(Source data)
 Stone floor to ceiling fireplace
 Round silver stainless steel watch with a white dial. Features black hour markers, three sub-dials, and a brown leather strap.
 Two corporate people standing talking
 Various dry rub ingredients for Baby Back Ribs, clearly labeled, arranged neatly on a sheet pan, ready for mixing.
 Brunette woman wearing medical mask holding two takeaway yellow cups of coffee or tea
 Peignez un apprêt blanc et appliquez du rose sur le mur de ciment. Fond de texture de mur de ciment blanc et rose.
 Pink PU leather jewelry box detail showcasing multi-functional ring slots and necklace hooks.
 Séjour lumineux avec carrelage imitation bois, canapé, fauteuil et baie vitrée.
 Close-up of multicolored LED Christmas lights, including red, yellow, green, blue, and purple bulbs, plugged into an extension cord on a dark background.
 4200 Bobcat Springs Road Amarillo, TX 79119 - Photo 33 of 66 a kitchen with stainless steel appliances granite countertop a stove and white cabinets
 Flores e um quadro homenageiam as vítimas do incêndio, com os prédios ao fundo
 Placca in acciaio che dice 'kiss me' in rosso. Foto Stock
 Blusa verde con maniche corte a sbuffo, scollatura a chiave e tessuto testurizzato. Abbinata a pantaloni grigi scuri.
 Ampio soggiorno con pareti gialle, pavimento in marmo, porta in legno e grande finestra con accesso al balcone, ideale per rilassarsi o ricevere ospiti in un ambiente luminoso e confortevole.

**Exercise objective**: Using the records above, say how many lines include the string "with". Only the number is wanted.

**Task result**: 2